* [EXERCISE AIM] The answer must consist of every record, printed exactly as it stands.

Web page caption snippets:
........
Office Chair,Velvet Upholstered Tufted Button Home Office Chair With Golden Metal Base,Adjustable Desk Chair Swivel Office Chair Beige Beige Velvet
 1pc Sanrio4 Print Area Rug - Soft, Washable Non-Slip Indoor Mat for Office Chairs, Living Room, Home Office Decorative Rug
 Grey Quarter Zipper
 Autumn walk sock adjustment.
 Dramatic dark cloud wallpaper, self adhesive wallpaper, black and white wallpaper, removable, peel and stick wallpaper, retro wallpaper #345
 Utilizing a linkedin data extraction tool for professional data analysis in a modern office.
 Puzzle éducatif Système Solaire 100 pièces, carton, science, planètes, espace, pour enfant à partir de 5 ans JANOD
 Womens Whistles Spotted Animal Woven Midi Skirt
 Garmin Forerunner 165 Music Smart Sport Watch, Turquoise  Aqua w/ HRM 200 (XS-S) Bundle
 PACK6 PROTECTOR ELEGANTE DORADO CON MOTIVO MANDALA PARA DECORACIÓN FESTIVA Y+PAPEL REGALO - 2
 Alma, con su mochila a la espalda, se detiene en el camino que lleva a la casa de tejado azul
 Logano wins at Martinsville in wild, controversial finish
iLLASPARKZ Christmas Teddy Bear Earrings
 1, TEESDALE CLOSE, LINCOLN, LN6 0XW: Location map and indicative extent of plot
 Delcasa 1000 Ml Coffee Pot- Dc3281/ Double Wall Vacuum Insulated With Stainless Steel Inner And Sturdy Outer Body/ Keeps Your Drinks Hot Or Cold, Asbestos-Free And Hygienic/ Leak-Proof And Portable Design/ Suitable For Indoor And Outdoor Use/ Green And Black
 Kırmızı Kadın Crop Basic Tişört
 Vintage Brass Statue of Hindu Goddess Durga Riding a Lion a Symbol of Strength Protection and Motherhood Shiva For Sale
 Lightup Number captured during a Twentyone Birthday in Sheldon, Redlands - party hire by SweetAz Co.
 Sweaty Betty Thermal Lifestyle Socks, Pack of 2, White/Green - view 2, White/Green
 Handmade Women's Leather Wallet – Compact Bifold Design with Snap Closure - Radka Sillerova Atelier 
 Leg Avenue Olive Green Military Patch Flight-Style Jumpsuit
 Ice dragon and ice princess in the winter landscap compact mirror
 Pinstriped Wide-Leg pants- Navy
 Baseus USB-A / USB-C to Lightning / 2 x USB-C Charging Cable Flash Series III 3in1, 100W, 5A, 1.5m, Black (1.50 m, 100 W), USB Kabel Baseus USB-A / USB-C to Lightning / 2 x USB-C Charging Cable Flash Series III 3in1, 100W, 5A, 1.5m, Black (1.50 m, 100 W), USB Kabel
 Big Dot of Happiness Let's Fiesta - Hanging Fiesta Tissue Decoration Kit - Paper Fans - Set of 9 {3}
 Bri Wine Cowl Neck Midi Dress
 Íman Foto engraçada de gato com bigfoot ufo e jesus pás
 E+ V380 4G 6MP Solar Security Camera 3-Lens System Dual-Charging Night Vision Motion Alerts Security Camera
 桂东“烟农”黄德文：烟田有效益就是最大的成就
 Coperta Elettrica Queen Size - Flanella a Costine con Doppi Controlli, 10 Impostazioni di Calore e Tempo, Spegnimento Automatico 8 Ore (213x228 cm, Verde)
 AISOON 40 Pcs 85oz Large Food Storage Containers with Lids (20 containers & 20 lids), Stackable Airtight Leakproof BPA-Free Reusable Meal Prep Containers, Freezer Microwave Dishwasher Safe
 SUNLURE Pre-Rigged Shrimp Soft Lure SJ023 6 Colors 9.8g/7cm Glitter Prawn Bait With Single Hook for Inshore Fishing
........
* [YOUR RESPONSE]
Office Chair,Velvet Upholstered Tufted Button Home Office Chair With Golden Metal Base,Adjustable Desk Chair Swivel Office Chair Beige Beige Velvet
 1pc Sanrio4 Print Area Rug - Soft, Washable Non-Slip Indoor Mat for Office Chairs, Living Room, Home Office Decorative Rug
 Grey Quarter Zipper
 Autumn walk sock adjustment.
 Dramatic dark cloud wallpaper, self adhesive wallpaper, black and white wallpaper, removable, peel and stick wallpaper, retro wallpaper #345
 Utilizing a linkedin data extraction tool for professional data analysis in a modern office.
 Puzzle éducatif Système Solaire 100 pièces, carton, science, planètes, espace, pour enfant à partir de 5 ans JANOD
 Womens Whistles Spotted Animal Woven Midi Skirt
 Garmin Forerunner 165 Music Smart Sport Watch, Turquoise  Aqua w/ HRM 200 (XS-S) Bundle
 PACK6 PROTECTOR ELEGANTE DORADO CON MOTIVO MANDALA PARA DECORACIÓN FESTIVA Y+PAPEL REGALO - 2
 Alma, con su mochila a la espalda, se detiene en el camino que lleva a la casa de tejado azul
 Logano wins at Martinsville in wild, controversial finish
iLLASPARKZ Christmas Teddy Bear Earrings
 1, TEESDALE CLOSE, LINCOLN, LN6 0XW: Location map and indicative extent of plot
 Delcasa 1000 Ml Coffee Pot- Dc3281/ Double Wall Vacuum Insulated With Stainless Steel Inner And Sturdy Outer Body/ Keeps Your Drinks Hot Or Cold, Asbestos-Free And Hygienic/ Leak-Proof And Portable Design/ Suitable For Indoor And Outdoor Use/ Green And Black
 Kırmızı Kadın Crop Basic Tişört
 Vintage Brass Statue of Hindu Goddess Durga Riding a Lion a Symbol of Strength Protection and Motherhood Shiva For Sale
 Lightup Number captured during a Twentyone Birthday in Sheldon, Redlands - party hire by SweetAz Co.
 Sweaty Betty Thermal Lifestyle Socks, Pack of 2, White/Green - view 2, White/Green
 Handmade Women's Leather Wallet – Compact Bifold Design with Snap Closure - Radka Sillerova Atelier 
 Leg Avenue Olive Green Military Patch Flight-Style Jumpsuit
 Ice dragon and ice princess in the winter landscap compact mirror
 Pinstriped Wide-Leg pants- Navy
 Baseus USB-A / USB-C to Lightning / 2 x USB-C Charging Cable Flash Series III 3in1, 100W, 5A, 1.5m, Black (1.50 m, 100 W), USB Kabel Baseus USB-A / USB-C to Lightning / 2 x USB-C Charging Cable Flash Series III 3in1, 100W, 5A, 1.5m, Black (1.50 m, 100 W), USB Kabel
 Big Dot of Happiness Let's Fiesta - Hanging Fiesta Tissue Decoration Kit - Paper Fans - Set of 9 {3}
 Bri Wine Cowl Neck Midi Dress
 Íman Foto engraçada de gato com bigfoot ufo e jesus pás
 E+ V380 4G 6MP Solar Security Camera 3-Lens System Dual-Charging Night Vision Motion Alerts Security Camera
 桂东“烟农”黄德文：烟田有效益就是最大的成就
 Coperta Elettrica Queen Size - Flanella a Costine con Doppi Controlli, 10 Impostazioni di Calore e Tempo, Spegnimento Automatico 8 Ore (213x228 cm, Verde)
 AISOON 40 Pcs 85oz Large Food Storage Containers with Lids (20 containers & 20 lids), Stackable Airtight Leakproof BPA-Free Reusable Meal Prep Containers, Freezer Microwave Dishwasher Safe
 SUNLURE Pre-Rigged Shrimp Soft Lure SJ023 6 Colors 9.8g/7cm Glitter Prawn Bait With Single Hook for Inshore Fishing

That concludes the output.